* [SUPPLIED RECORDS]
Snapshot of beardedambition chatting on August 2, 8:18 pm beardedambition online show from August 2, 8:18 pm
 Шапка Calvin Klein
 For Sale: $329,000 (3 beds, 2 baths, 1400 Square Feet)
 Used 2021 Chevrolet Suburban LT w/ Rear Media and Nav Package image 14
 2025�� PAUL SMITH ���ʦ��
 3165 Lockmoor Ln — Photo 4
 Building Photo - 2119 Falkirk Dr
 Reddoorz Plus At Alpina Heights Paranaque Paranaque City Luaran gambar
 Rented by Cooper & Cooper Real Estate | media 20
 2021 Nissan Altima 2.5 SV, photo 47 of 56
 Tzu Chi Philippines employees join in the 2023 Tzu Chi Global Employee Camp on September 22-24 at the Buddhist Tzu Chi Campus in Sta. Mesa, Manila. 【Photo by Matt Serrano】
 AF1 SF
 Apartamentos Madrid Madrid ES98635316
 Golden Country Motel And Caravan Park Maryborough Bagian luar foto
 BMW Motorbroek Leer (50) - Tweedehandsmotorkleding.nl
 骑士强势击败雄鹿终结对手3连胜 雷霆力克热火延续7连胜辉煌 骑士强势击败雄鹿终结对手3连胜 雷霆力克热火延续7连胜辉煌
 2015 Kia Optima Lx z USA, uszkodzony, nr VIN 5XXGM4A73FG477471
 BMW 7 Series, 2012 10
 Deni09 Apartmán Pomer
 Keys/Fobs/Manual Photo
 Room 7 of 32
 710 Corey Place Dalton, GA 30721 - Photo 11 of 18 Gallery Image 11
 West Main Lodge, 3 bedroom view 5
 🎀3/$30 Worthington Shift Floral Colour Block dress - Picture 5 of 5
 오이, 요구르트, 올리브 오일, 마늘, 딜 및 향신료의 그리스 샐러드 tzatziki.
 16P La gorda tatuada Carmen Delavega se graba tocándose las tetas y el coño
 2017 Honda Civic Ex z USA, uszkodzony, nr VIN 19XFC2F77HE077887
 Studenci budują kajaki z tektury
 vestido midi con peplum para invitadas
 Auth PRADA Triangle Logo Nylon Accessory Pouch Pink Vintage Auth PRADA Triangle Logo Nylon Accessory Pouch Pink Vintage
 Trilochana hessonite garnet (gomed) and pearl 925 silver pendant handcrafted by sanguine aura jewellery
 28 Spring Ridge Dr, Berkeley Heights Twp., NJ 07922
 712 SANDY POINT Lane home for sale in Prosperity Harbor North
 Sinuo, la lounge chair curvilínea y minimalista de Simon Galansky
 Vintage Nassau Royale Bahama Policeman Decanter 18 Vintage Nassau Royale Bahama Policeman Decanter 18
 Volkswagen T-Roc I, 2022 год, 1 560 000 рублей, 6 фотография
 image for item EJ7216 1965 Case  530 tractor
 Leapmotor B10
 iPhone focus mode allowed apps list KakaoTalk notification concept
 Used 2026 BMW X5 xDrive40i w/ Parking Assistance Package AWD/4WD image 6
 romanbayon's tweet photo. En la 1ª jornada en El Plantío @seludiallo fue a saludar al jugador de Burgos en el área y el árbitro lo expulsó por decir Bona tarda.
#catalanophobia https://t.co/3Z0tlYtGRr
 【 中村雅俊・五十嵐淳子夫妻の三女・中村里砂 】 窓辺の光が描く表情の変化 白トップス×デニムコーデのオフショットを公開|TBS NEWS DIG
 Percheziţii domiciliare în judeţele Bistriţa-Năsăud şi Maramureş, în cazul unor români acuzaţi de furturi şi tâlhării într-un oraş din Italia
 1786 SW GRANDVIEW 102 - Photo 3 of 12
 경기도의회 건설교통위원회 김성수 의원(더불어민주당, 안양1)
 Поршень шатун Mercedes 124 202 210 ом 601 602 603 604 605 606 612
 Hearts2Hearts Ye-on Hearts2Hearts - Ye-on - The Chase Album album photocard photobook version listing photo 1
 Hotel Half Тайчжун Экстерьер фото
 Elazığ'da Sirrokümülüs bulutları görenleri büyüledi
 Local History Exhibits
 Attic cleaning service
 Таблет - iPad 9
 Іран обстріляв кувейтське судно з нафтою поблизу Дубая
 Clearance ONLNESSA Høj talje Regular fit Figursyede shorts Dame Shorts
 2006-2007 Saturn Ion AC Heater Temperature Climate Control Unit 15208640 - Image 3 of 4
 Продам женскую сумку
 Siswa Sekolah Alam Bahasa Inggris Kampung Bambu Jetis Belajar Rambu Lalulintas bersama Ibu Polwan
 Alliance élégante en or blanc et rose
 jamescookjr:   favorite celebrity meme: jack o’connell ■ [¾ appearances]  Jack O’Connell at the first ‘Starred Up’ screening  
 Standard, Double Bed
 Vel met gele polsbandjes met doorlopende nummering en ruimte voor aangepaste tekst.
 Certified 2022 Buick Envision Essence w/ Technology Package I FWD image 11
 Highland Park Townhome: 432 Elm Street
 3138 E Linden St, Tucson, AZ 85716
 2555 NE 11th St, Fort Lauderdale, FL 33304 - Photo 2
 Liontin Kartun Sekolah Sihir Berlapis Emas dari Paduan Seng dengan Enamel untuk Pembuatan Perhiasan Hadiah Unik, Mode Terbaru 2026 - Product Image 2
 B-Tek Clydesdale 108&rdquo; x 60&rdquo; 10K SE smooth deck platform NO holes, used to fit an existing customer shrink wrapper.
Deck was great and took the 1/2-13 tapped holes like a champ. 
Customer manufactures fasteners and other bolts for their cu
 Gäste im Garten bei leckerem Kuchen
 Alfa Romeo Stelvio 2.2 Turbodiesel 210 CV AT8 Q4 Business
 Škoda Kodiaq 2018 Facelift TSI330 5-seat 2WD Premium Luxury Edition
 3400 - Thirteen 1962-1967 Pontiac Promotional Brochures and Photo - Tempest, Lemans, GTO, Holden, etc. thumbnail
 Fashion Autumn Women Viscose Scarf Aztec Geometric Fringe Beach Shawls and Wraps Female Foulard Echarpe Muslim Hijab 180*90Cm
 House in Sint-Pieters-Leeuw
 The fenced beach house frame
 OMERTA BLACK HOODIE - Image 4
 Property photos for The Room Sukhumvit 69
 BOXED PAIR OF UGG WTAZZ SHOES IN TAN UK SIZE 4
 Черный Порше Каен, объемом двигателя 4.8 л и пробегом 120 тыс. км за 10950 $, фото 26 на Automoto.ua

* [REQUIRED ACTION]
Return only the lines between the one holding "骑士强势击败雄鹿终结对手3连胜 雷霆力克热火延续7连胜辉煌 骑士强势击败雄鹿终结对手3连胜" and the one holding "710 Corey Place", inclusive, exactly as they appear above.

* [RESULT]
 骑士强势击败雄鹿终结对手3连胜 雷霆力克热火延续7连胜辉煌 骑士强势击败雄鹿终结对手3连胜 雷霆力克热火延续7连胜辉煌
 2015 Kia Optima Lx z USA, uszkodzony, nr VIN 5XXGM4A73FG477471
 BMW 7 Series, 2012 10
 Deni09 Apartmán Pomer
 Keys/Fobs/Manual Photo
 Room 7 of 32
 710 Corey Place Dalton, GA 30721 - Photo 11 of 18 Gallery Image 11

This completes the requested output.